Washington et Ankara moins alliés que jamais Mise à jour le jeudi 20 février 2003, 23 h 23 . La Turquie ne s'est pas prononcée jeudi sur l'offre d'assistance financière de Washington qui permettrait le déploiement de troupes américaines sur son territoire et ce, même si Colin Powell avait déclaré un peu plus tôt attendre cette réponse avant la fin de la journée. Ankara entend poursuivre plus avant les négociations avec les États-Unis.  
Washington aurait offert jusqu'à présent à Ankara une aide de six milliards de dollars en dons et de 24 milliards de dollars en garanties de prêts. Les autorités turques réclament, quant à elles, quelque dix milliards de dollars de dons du Trésor américain.
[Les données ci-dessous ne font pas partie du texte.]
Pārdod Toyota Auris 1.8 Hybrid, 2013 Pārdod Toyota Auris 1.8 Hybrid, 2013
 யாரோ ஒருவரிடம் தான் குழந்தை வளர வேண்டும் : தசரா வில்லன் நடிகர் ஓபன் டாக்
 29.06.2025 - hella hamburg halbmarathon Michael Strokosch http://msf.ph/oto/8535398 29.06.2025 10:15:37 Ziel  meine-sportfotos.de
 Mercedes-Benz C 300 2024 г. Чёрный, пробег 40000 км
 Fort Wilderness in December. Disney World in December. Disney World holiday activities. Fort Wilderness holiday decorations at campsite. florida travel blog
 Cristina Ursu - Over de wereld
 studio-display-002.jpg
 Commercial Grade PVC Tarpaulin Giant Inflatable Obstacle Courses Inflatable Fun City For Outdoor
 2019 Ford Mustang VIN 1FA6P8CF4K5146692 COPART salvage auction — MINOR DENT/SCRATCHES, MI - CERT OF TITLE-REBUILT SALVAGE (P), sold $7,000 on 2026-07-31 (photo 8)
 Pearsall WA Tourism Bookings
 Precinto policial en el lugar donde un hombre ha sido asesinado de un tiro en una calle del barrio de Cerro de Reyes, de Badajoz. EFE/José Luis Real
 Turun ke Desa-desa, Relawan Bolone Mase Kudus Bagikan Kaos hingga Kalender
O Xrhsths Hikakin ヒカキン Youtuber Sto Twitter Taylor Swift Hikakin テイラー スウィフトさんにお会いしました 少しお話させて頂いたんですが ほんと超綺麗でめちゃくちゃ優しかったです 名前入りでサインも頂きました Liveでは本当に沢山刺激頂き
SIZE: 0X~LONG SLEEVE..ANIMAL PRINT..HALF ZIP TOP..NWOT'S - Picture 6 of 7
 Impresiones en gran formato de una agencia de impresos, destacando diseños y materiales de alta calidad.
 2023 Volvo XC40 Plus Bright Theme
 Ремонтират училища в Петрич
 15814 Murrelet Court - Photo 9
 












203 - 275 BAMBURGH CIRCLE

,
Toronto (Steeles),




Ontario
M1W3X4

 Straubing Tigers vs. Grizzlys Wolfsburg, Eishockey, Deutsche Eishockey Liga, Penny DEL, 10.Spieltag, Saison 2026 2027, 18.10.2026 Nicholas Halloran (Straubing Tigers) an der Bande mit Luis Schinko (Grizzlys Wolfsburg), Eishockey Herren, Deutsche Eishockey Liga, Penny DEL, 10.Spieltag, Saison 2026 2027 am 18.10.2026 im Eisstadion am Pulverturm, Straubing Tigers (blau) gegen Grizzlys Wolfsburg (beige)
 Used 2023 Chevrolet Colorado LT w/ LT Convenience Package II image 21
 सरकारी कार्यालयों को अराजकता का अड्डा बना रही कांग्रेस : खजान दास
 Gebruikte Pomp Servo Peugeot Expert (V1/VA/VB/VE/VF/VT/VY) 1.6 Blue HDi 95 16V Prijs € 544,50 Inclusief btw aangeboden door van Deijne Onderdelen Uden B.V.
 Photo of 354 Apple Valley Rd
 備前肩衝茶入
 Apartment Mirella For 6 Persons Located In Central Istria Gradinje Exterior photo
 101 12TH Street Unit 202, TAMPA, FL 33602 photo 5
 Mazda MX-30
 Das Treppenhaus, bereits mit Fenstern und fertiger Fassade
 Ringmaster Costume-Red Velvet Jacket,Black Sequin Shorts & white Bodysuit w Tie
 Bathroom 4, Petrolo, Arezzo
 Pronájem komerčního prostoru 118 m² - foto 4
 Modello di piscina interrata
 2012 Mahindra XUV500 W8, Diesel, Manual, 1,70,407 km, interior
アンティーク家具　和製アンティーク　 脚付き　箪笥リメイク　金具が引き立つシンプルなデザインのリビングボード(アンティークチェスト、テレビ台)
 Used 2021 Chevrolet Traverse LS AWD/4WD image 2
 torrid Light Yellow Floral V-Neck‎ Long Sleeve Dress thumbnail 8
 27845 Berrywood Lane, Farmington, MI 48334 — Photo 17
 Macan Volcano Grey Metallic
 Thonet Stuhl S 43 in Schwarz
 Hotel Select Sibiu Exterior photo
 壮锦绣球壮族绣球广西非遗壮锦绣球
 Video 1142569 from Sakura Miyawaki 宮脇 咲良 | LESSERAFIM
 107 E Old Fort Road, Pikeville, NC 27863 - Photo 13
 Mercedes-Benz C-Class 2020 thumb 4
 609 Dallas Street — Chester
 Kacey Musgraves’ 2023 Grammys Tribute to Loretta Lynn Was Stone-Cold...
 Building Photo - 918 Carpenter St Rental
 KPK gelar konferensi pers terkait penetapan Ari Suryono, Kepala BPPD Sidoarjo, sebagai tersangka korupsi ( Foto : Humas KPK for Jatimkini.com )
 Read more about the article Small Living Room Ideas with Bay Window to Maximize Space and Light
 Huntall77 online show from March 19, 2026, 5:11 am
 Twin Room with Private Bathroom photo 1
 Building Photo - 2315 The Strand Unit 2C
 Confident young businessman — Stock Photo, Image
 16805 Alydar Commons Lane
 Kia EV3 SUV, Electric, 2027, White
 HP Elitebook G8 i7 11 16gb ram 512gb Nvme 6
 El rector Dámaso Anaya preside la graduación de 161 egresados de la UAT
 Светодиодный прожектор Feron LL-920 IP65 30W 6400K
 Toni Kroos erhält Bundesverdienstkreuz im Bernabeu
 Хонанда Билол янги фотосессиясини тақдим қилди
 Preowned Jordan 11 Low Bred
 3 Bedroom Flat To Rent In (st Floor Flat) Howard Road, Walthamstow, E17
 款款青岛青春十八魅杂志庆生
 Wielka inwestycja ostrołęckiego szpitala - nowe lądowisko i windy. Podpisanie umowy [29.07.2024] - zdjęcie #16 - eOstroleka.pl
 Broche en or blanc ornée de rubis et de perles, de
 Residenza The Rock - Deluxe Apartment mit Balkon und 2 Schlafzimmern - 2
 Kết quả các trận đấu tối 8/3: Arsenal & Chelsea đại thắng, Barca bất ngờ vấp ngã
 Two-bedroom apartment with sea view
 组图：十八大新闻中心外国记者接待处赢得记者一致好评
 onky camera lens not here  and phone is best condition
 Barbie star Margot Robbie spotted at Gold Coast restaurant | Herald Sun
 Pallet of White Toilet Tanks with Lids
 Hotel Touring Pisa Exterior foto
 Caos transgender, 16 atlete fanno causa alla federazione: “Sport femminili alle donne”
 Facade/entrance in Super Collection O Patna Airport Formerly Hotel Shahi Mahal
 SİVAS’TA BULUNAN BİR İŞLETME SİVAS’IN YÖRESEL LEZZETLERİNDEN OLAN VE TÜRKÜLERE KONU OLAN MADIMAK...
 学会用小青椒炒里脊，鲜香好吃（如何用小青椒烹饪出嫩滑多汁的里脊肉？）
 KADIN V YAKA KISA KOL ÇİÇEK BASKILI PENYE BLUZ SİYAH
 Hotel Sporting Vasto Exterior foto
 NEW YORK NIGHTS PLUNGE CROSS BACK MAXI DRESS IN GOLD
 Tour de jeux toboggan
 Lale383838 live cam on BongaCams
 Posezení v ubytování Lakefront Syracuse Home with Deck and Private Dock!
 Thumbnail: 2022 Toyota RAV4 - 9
Elles estiment à plus de 40 milliards de dollars leur manque à gagner depuis la guerre du Golfe de 1991, en raison notamment des sanctions commerciales imposées par l'ONU. Les États-Unis auraient, en outre, donné leur accord aux demandes d'Ankara sur l'octroi d'une part des revenus pétroliers de l'Irak et une participation à la reconstruction de ce pays une fois l'opération militaire terminée.
Mardi, Recep Tayyip Erdogan, chef du parti islamiste modéré au pouvoir à Ankara, avait conseillé aux Américains de ne pas se figurer que l'engagement de la Turquie à leurs côtés avait atteint un point de non-retour.
La Maison Blanche menace de se passer de la Turquie, faisant valoir que les forces armées des États-Unis sont assez imposantes pour s'assurer un succès militaire sans déployer de troupes sur le sol turc. Mais dans une telle éventualité, les Américains seraient privés de la possibilité d'ouvrir un front terrestre militaire au nord de l'Irak, en plus du front majeur au sud, à partir du Koweït. Le secrétaire américain à la Défense, Donald Rumsfeld, s'est néanmoins déclaré convaincu que la Turquie en viendrait à coopérer d'une manière ou d'une autre avec les États-Unis en cas de guerre.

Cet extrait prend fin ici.